FARMINGTON – Daniel Jackson wanted out of jail so badly last month, he climbed the chain link fence at the Franklin County Jail, crawled over the tangled razor wire and, cut and bleeding, escaped through the woods.

In and out of trouble with the law since he was a teen, and living with mental illness, this 25-year-old man wants to get his life together and get the help he needs to break a cycle of crime and drug abuse.
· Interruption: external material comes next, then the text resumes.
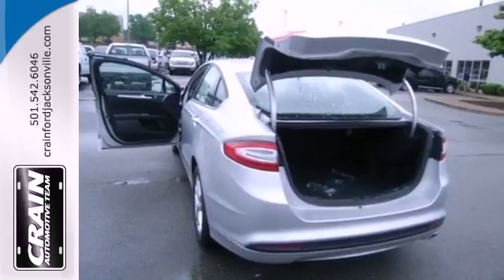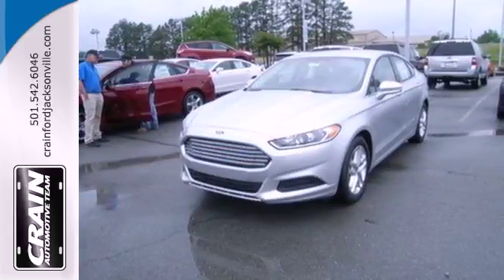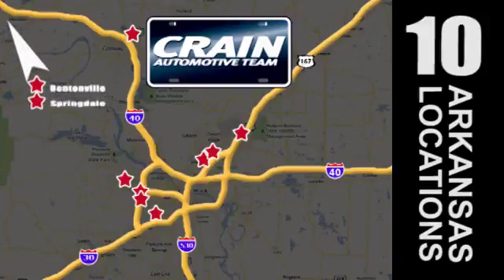The 2013 Fusion is a refreshing take on the modern sedan. Come on in today. Take it for a test drive. Visit us anytime at craneteam.com. Go, go, go — Craneteam's got them. Craneteam.com.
In many ways his story mimics others behind bars who are struggling with mental health problems.

For now, Jackson remains in jail on a charge of being a fugitive from justice in New York after failing to report to his parole officer as he finished out a sentence for another escape.

In Maine, he racked up charges of terrorizing and reckless conduct for a Wilton altercation this summer and now faces a new charge – escaping from the Franklin County Jail.

Jackson, born in New York, escaped from a police station while he was in that state being questioned about a robbery that he says he didn’t commit; the charge was later dismissed. He had slipped off the handcuffs and climbed up through the ceiling but police caught up with him about a block away, he said.

He was sentenced to 18 months to three years for the attempted escape and served two-thirds of that time. Jackson has one year left to serve on his parole.

While living in New York with his older brother, Jackson failed to report to his parole officer and a warrant was issued for his arrest. Although he was advised against it because of that outstanding warrant, Jackson wanted to come back to Maine where most of his family has lived since 2000. He also wanted to see his girlfriend, who, he said, is pregnant with their child.

Confined to jail

Dressed in inmate orange, a subdued Jackson sat in a room at the jail Monday talking quietly about his situation. Nearby, a guard stood watch beside a half-wall petition, while the shouting and banging from Jackson’s sister, Angela Taylor, disrupted the quiet. Taylor, who is 10 years older than her brother, is also confined to the Franklin County Jail.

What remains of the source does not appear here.